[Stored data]
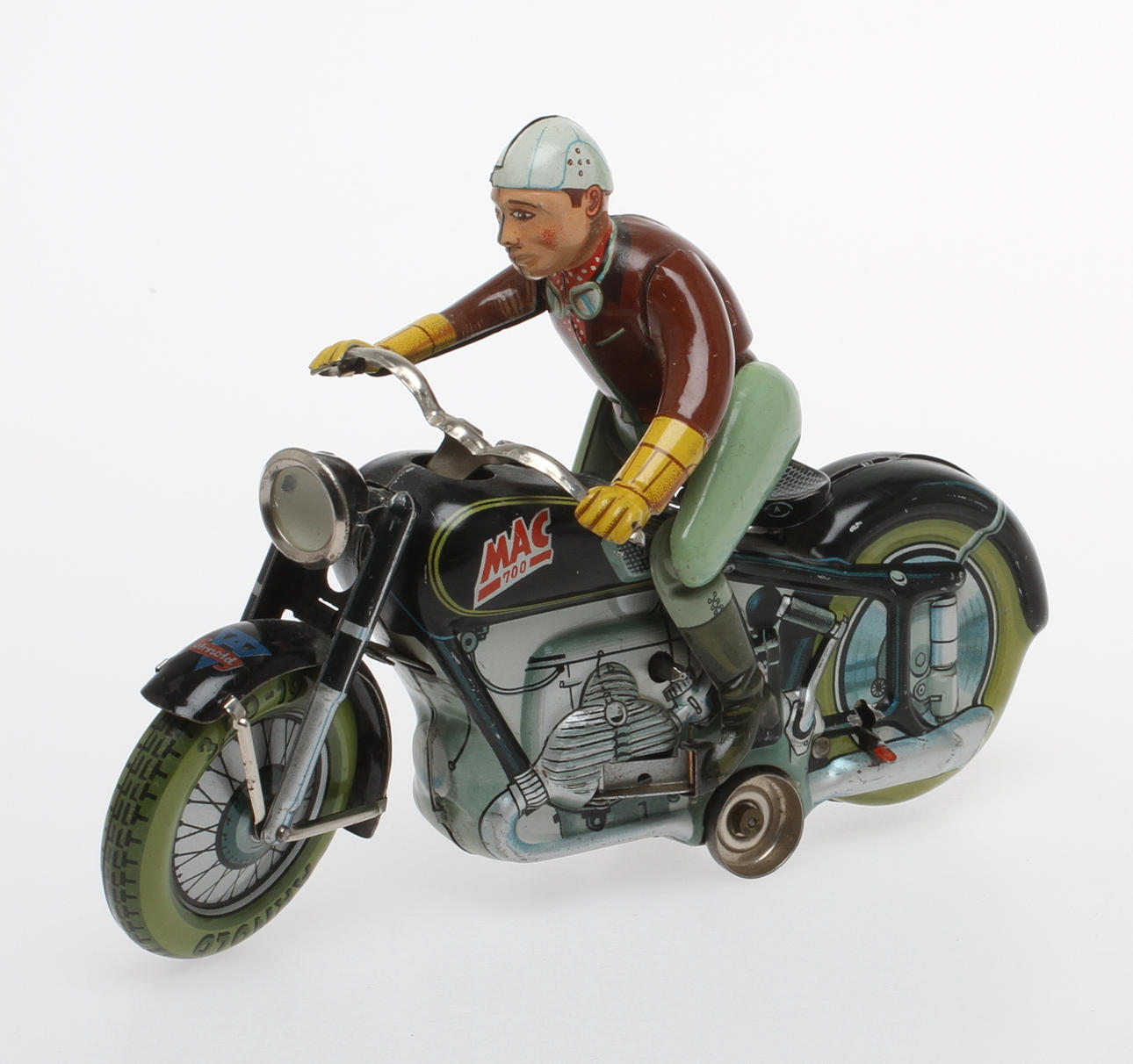 ARNOLD MOTORCYKEL MAC 700 litograferad plåt med urverk.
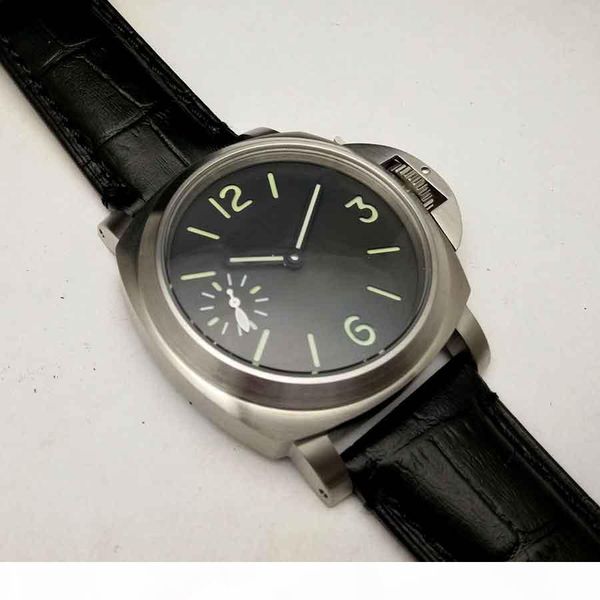 44mm brushed stainless steel case black dial hand-wound mechanical black strap men watch, Slivery;brown
44mm brushed stainless steel case black dial hand-wound mechanical black strap men watch, Slivery;brown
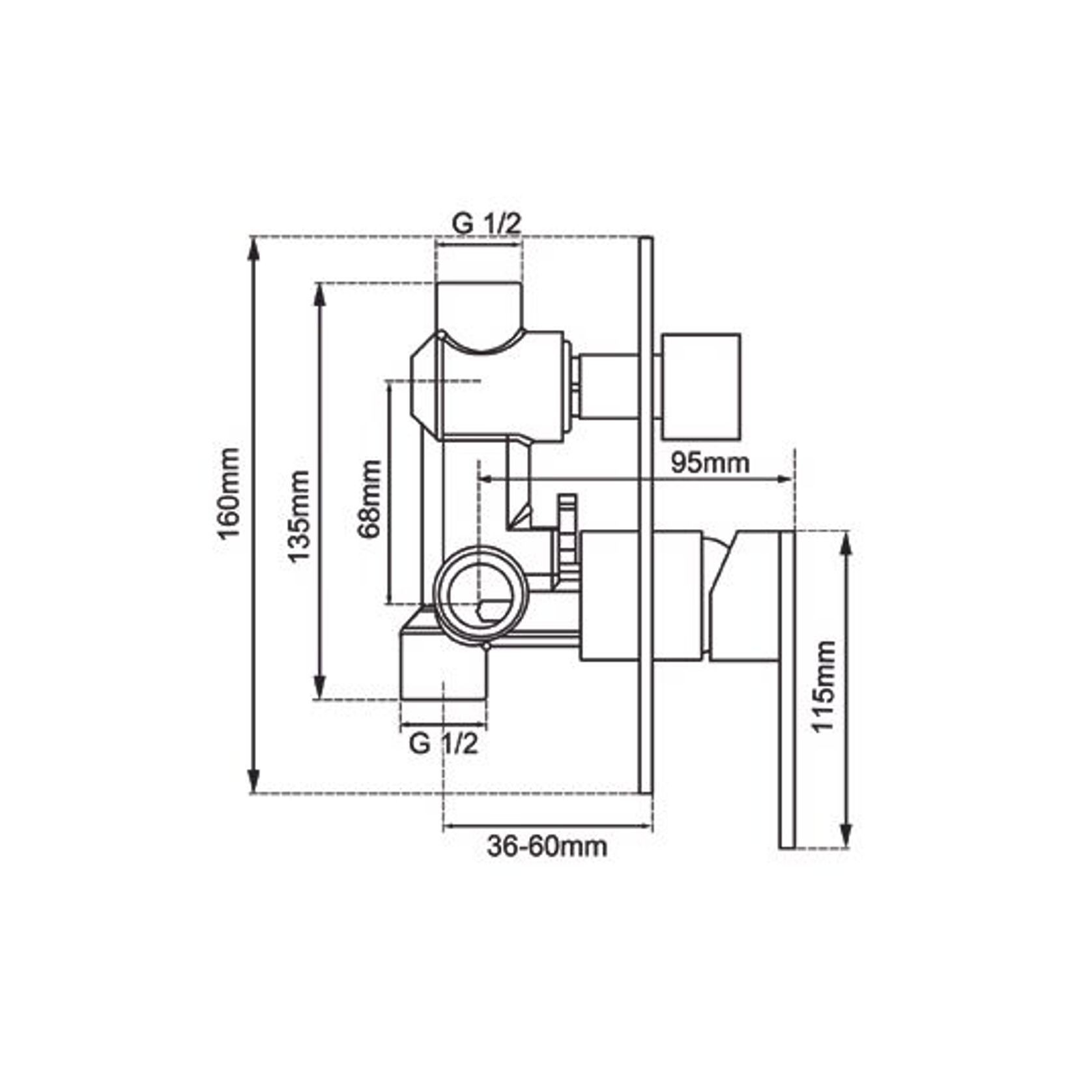 Lucid Pin Wall Mixer with Diverter Matte Black gallery detail image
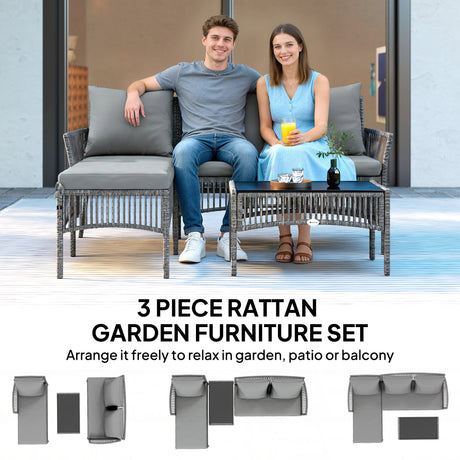 Poly Rattan 3 Piece Corner Garden Sofa Set With Chaise and Glass Coffee Table - Velmora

## Description of the task
From the line with "Lucid Pin Wall" to the last line above, restate each line word for word, but skip the pictures.

## Result below
 Lucid Pin Wall Mixer with Diverter Matte Black gallery detail image
 Poly Rattan 3 Piece Corner Garden Sofa Set With Chaise and Glass Coffee Table - Velmora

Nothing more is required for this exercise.